Al escribir ha meses sobre dimisiones y ceses de los gobernantes y hombres públicos, el cronista habló de consagrar un artículo especial al abandono del poder por un político “politicien”, es decir, de un personaje por entero absorbido por las idas y venidas del oficio de mandar. Si hay alguien que, en la cúpula del Estado —y del Estado más poderoso del mundo-, encarnó en los anales contemporáneos con mayor plenitud la raza de tales personalidades públicas, esa figura fue, sin duda la de Richard Nixon (1913-94). Estrenado su cursus honorum y conocimiento de los entresijos del poder a partir de su ocupación de un escaño del Congreso en 1946, fue un perseverante candidato a la Casa Blanca, a la que llegaría en 1968 tras una carrera tan accidentada y controvertida como rica en experiencias y provechosa en la familiaridad con todos los resortes de la maquinaria gobernante. No obstante las muchas aristas de su perfil psicológico y moral y su muy escaso atractivo mediático, su presidencia se inscribe entre las más destacadas de la Norteamérica del siglo XX: logros como el a cuerdo del SALT I, el establecimiento de relaciones diplomáticas entre Washington y Pekín o el encauzamiento definitivo de la retirada estadounidense de Vietnam no se ofrecen, ciertamente, en muchas otras de las estadías novecentistas en la Casa Blanca. Fracasos y yerros e incluso desmanes en número, en verdad, copiosos, no bastaron, empero, para opacar el brillo de éxitos como los mencionados.

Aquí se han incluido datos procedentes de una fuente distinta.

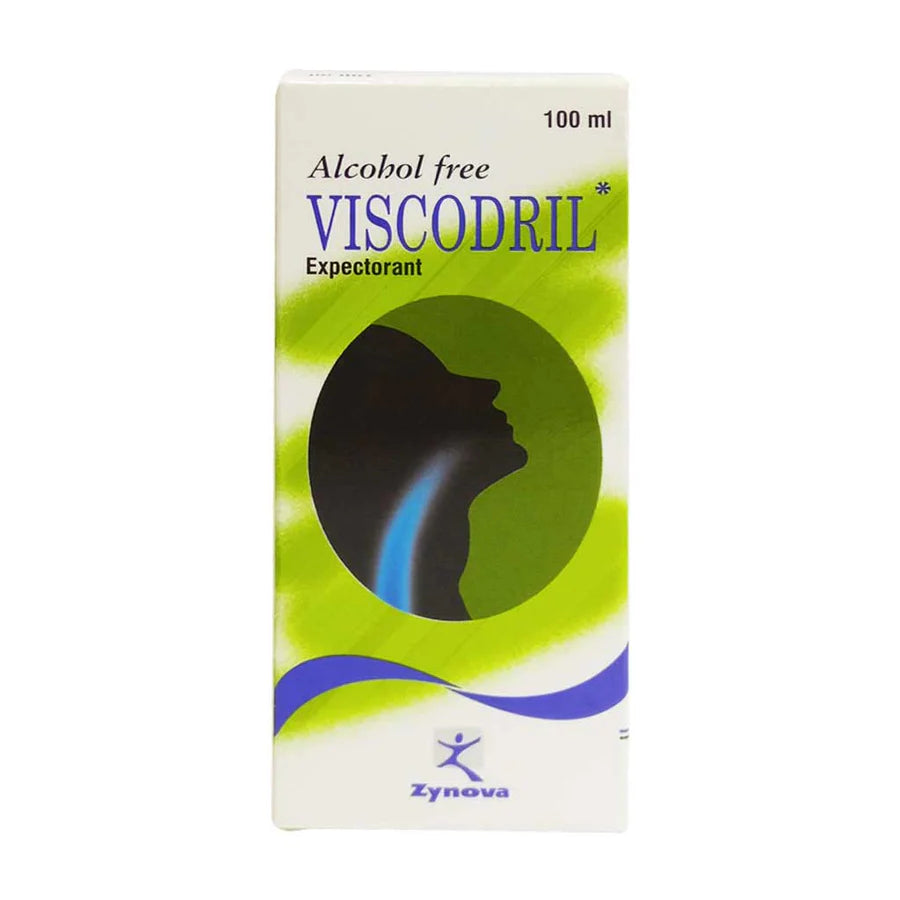 VISCODRIL EXPECTORANT ALCOHOL FREE 100ML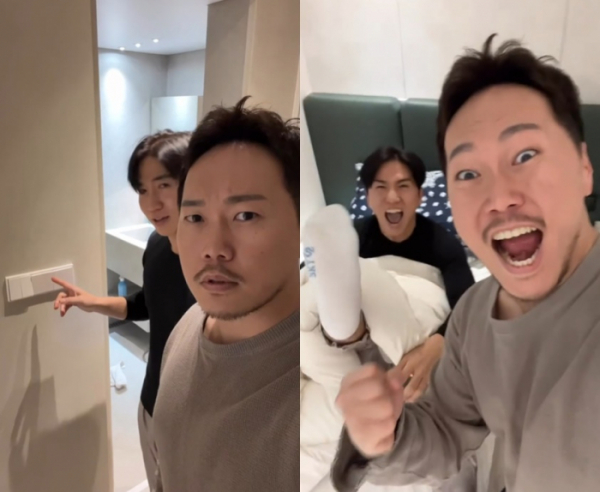 (사진 = 유세윤 SNS 캡처)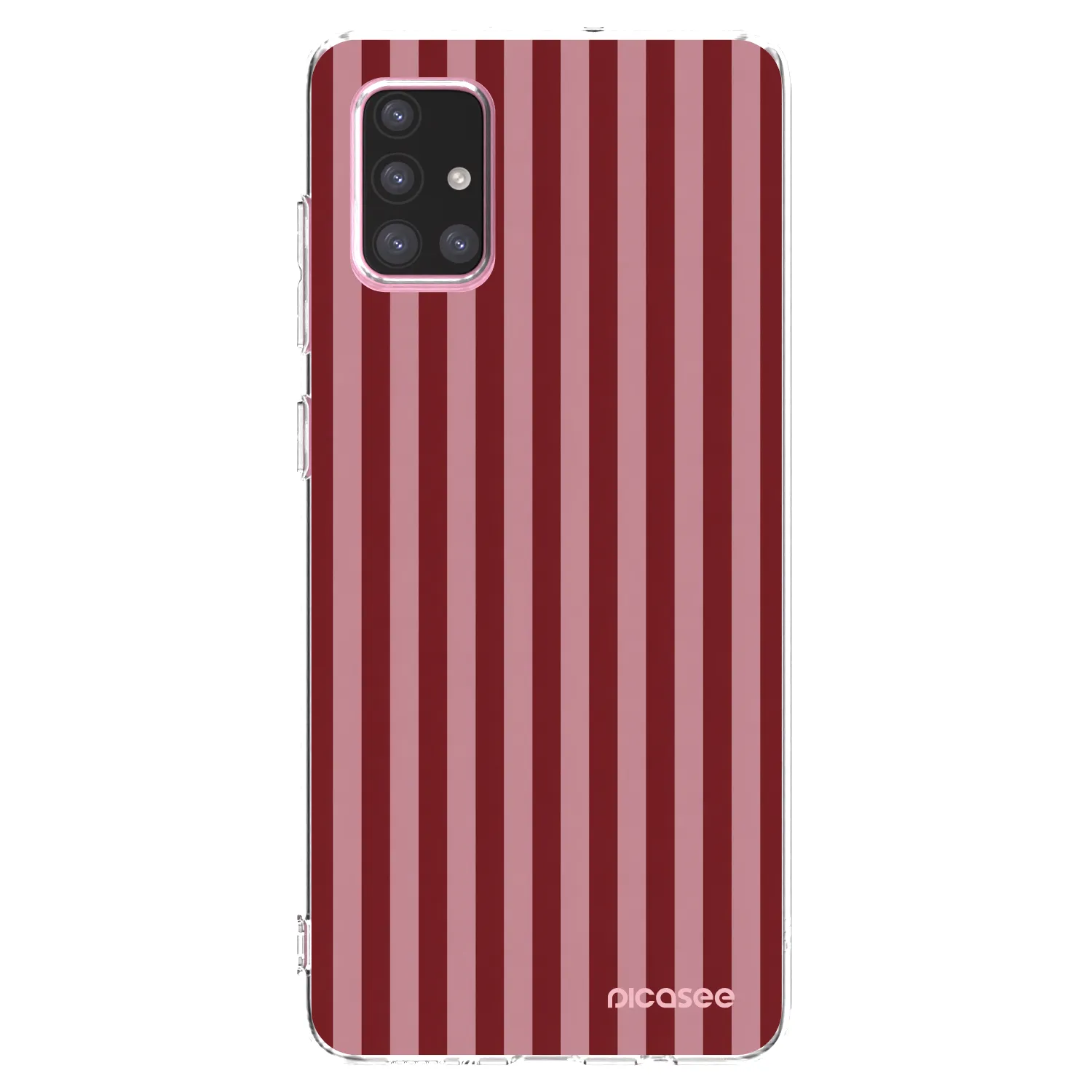 Picasee διαφανής θήκη σιλικόνης Samsung Galaxy A71 A715F - Dawn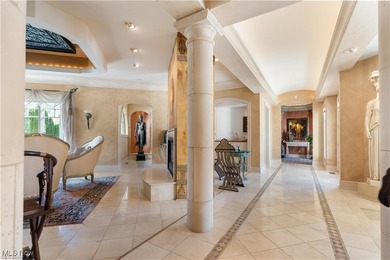 Welcome to a true architectural masterpiece in the prestigious on Glenmoor Country Club in Ohio - for sale on GolfHomes.com, golf home, golf lot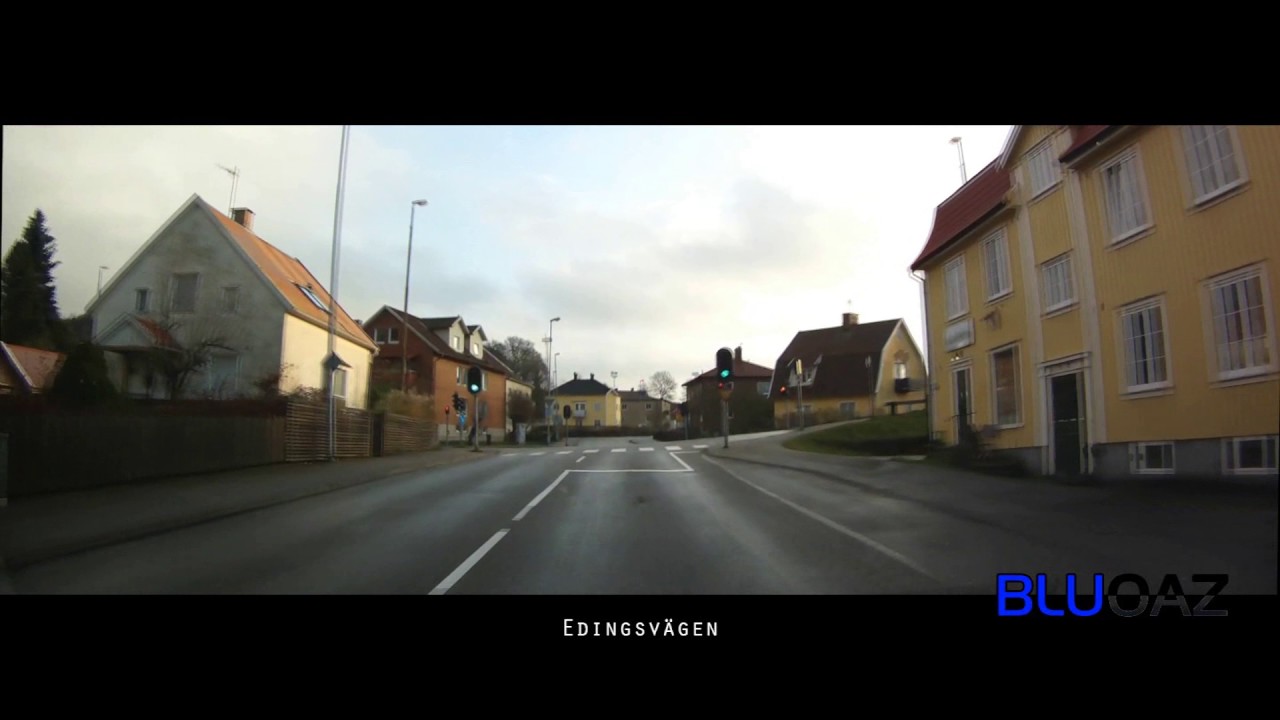 Uddevalla - Från Ica Supermarket Spara till Östergatan, 2014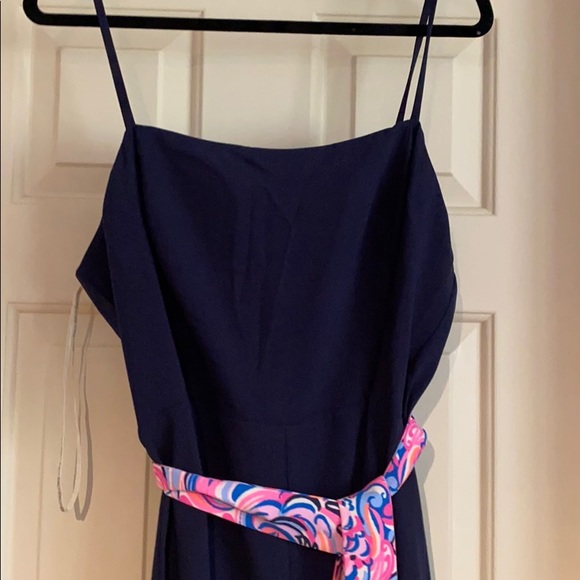 BNWT Lilly Pulitzer Sandra Jumpsuit Sz 16 - Picture 2 of 6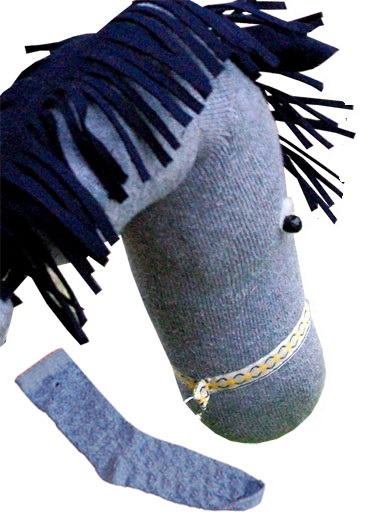 Çoraptan At Yapımı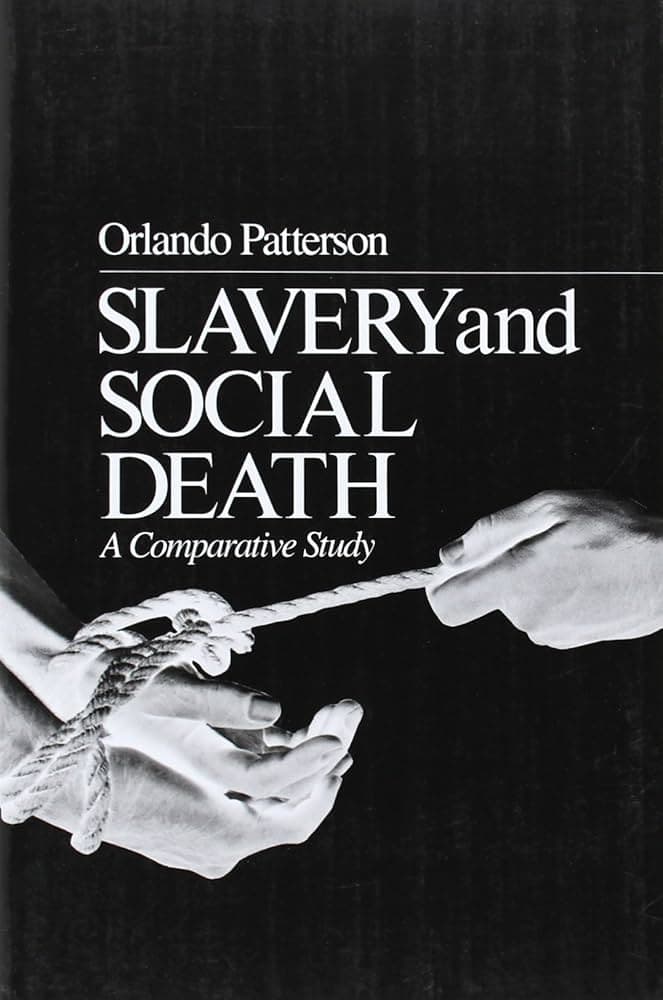 کتاب Slavery and Social Death (بردگی و مرگ اجتماعی: یک مطالعه تطبیقی) نسخه انگلیسی PDF | اورلاندو پترسون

Como es sabido, uno de dichos desaciertos —o felonía…-, acarreó, sin embargo, su espectacular retirada, cuando su segundo mandato estaba a punto, en agosto de 1974, de alcanzar el ecuador. Su protagonismo en el famoso affaire del Watergate le condujo a ser el único presidente de USA dimitido para evitar el proceso de Impeachement por el Senado. Antihéroe por su carácter y convertido en sus últimos días gobernantes en perfecto villano, sus postreras horas en la Casas Blanca se revistieron, no obstante, de dignidad, mostrando en el trance una grandeza plutarquiana. Si así cabe en buena medida calificar al discurso oficial a la Nación, el que dirigiese al Staff de la Casa Blanca reúne casi todas las piezas que los rétores de la antigüedad estimaban indispensables para otorgar la excelencia en el arte quizá más difícil de las Bellas Letras y, acaso igualmente, toda la actividad intelectual. Sencillez, emoción, sensibilidad, defensa ardida de los valores que cimentan la convivencia en las sociedades libres, humor comedido, pena embridada, apuesta decida por la esperanza, autocrítica sin reservas…inspiran y llenan todos los párrafos de las últimas palabras que pronunciara Nixon en la mansión que albergara su existencia durante casi un quindecenio. Ni un reproche; ni una queja; sólo gratitud y reconocimiento. Memoria estremecida de sus padres —arquetipos de los hombres y mujeres del pueblo que labraron en la historia de Norteamérica sus mejores y más genuinos capítulos-; agradecimiento a los miembros del staff de la Presidencia; exaltación de las biografías de los estadistas más cercanos a su empatía —en lugar relevante, Teodor Roosevelt-; afección ilimitada por una patria adorada; encarecimiento de una religiosidad recatada como compendio y resumen de la actitud profesada en el presente y el futuro a los destinatarios de un parlamento que visualizado y escuchado a través de adquiere, a las veces, calidades insuperables de impresionismo y espectacularidad mediáticos, justamente en un político siempre mal avenido con los medios informativos.
Resuelta e inequívocamente, en la hora más áspera de los gobernantes y príncipes de este mundo, el comportamiento de Nixon rayó en una ejemplaridad que cabe considerarse imitable si no modélica.